He leveled his assertion as part of a daylong storm of Twitter posts voicing anger about a three-state recount push.

“In addition to winning the Electoral College in a landslide, I won the popular vote if you deduct the millions of people who voted illegally,” Trump wrote Sunday afternoon.

In an evening tweet, Trump alleged that there had been ‘‘serious voter fraud in Virginia, New Hampshire, and California.’’ His transition team did not respond to questions seeking evidence of the assertions.

The series of posts came one day after Hillary Clinton’s campaign said it would participate in a recount effort being undertaken in Wisconsin, and potentially in similar pushes in Michigan and Pennsylvania, by Jill Stein, who was the Green Party candidate.

Trump’s statements revived allegations he made during the campaign, as polls suggested he was losing to Clinton, about a rigged and corrupt system.

There has been no official indication of widespread vote manipulation, illegal voting, or hacking that could have materially affected the outcome of the presidential election.

The lack of evidence, in itself, suggests that Trump would be likely to prevail in any recounts, analysts have said.

The Twitter outburst came as Trump is laboring to fill crucial positions in his Cabinet, with his advisers enmeshed in a rift about whom he should select as secretary of state.

Officially, Trump’s transition team has dismissed the recount effort as “ridiculous” and a “scam,” saying there was no evidence of voter fraud that would justify the recounts.

Clinton’s campaign has also said it has turned up no signs of such fraud or other irregularities, and the Obama administration has issued statements expressing its confidence in the validity of the vote tallies.

But Trump appeared fixated Sunday on the recount and his electoral performance.
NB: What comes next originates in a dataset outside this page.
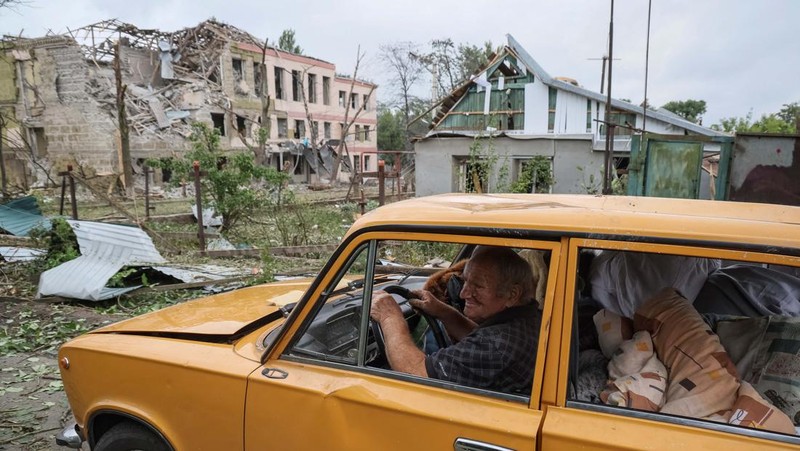 Serangan militer Rusia menghancurkan sebuah sekolah dan beberapa bangunan di dekatnya di kota Kramatorsk, wilayah Donetsk, Ukraina. (REUTERS/GLEB GARANICH)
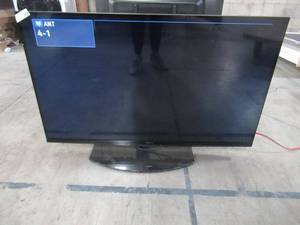 lot 24 image: Toshiba 47L6200U LED HDTV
In a series of midafternoon Twitter posts, not long before he boarded a flight to New York from Florida, Trump boasted that he could have easily won the “so-called popular vote” if he had campaigned only in “3 or 4” states, presumably populous ones.

“I would have won even more easily and convincingly [but smaller states are forgotten]!” he wrote.

The afternoon messages followed a string of early-morning Twitter posts in which the president-elect railed against the recount efforts.

In an initial post overnight Sunday, Trump wrote: “Hillary Clinton conceded the election when she called me just prior to the victory speech and after the results were in. Nothing will change.”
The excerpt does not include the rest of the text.